Direktur Utama Perum Bulog Sutarto Alimoeso mengatakan, petani di Indonesia hingga saat ini belum merasakan kesejahteraan. Pasalnya, petani di Indonesia sebenarnya hanyalah buruh yang tidak memiliki lahan pertanian sendiri.
“Kalau bicara soal petani, mereka itu mengharapkan penghidupan yang layak tentunya. Soal pendapatan, petani ingin punya lahan sendiri supaya tidak jadi buruh tani terus,” kata Sutarto.

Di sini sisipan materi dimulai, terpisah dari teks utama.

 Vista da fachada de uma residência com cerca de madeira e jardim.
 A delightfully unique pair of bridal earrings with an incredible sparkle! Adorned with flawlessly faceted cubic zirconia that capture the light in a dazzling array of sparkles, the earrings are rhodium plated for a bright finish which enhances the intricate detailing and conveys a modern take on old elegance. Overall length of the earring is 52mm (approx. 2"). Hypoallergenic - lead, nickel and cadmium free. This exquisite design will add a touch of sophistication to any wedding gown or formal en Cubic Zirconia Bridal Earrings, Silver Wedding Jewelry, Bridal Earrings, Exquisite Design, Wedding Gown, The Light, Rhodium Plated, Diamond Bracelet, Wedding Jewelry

Ia menilai hanya sedikit kalangan yang memedulikan sektor pertanian. Lembaga pendidikan yang menyediakan Fakultas Pertanian pun juga berkurang. “Sarjana pertanian setelah lulus bekerja untuk sektor non pertanian. Akhirnya kesejahteraan sektor pertanian kian terpuruk karena tidak ada yang mengurus,” katanya.
Mantan Dirjen Tanaman Pangan Kementerian Pertanian ini mengatakan, petani tidak boleh kesulitan mendapat kebutuhan produksi seperti bibit, pupuk atau pun pestisida. Hal ini terkait rencana Menteri Pertanian Suswono yang ingin menghapus anggaran subsidi pupuk.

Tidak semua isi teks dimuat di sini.